実際その通りで、自動運転車に関する技術開発は、Googleが世界最先端を走っており、日本はそのはるか後塵を拝しているというのが現状だ。にもかかわらず、安倍首相がこんなことをいうのはどういうわけか。まさか、この分野の現状について何も知らないということでもあるまい。

もしかしたら、こういうことで日本の技術者たちにハッパをかけているつもりなのかもしれない。自分がそういえば、技術者たちものんべんだらりとはしていられまい、そんなふうに思って、わざとこんなことを言っているのかもしれない。

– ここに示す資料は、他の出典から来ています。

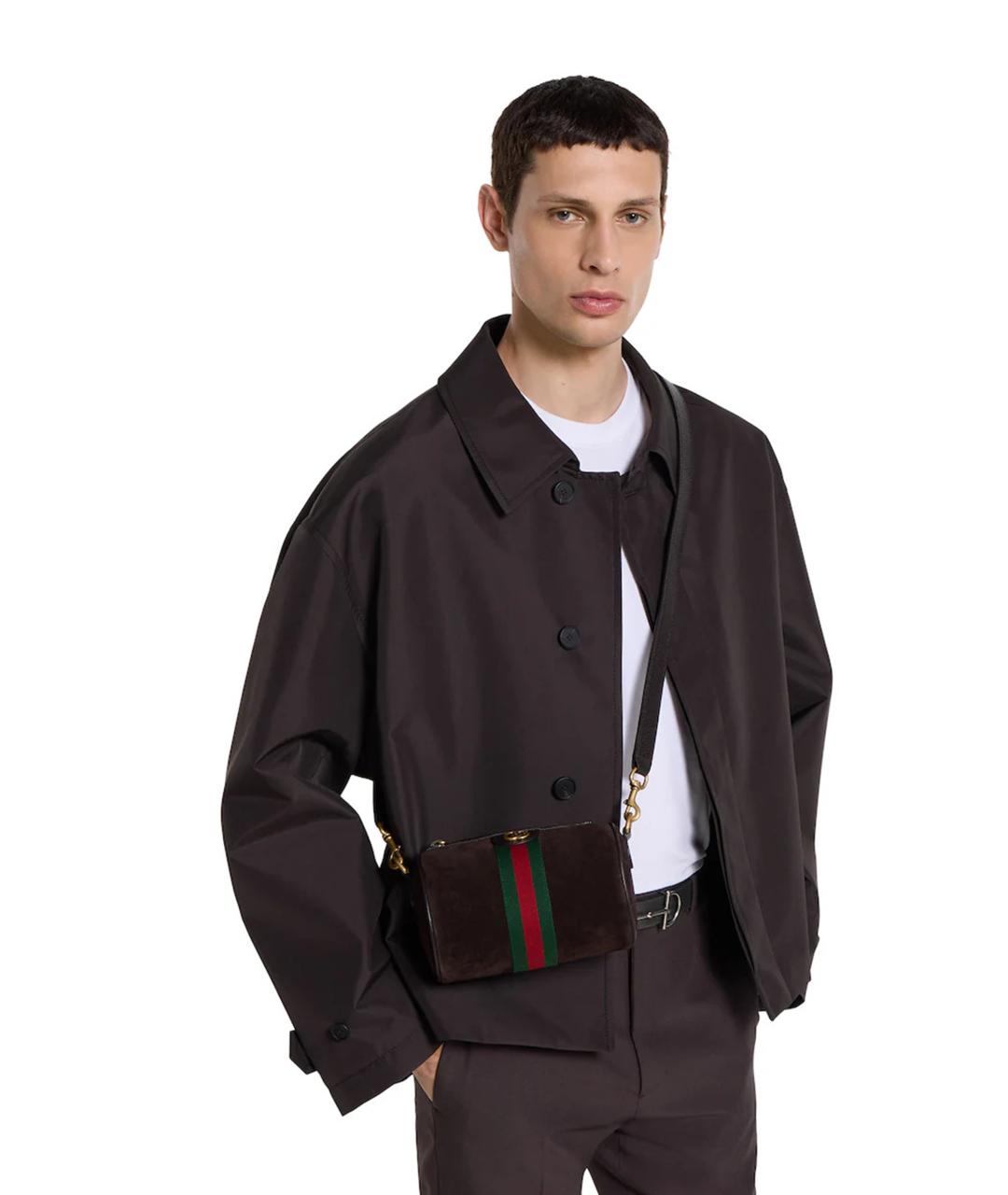 GUCCI Коричневая замшевая сумка на плечо, фото 5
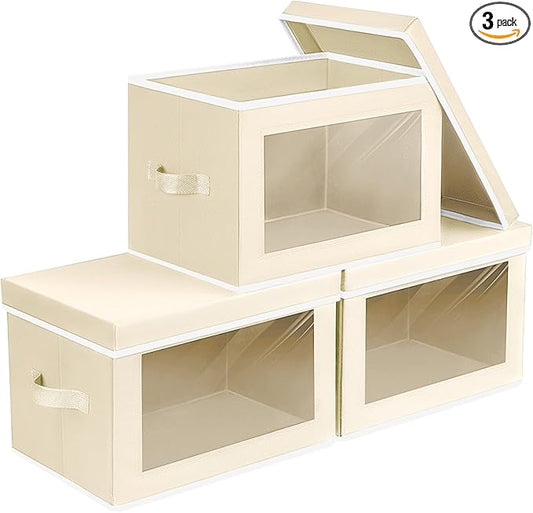 Collapsible Storage Bins with Lids - Stackable Storage Containers with Window, 3 Pack Fabric Organizing Bins for Closet, Home & Office Organization Baskets, Beige, 14.9" x 9.8" x 9.8"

あるいはそうではなくて、本気でそう思っているのかもしれない。なにしろ何でも世界一でないと気にすまないたちのようだから、日本の技術水準がもっとも輝かしさを誇る自動車の分野で世界一でないはずがない。そうした願望が底にあって、こんな発言に結びついたのかもしれない。願望と事実とを取り違えることは、心理学者に言わせれば、大いにありうる心理現象のようだから。

そうだとしたら、願望に支えられた安倍首相の熱い思いが、事実に優先したということになりそうだ。安倍首相が願望と事実をごちゃまぜにするのは、福島原発の放射能汚染問題でも、観察されたところだから。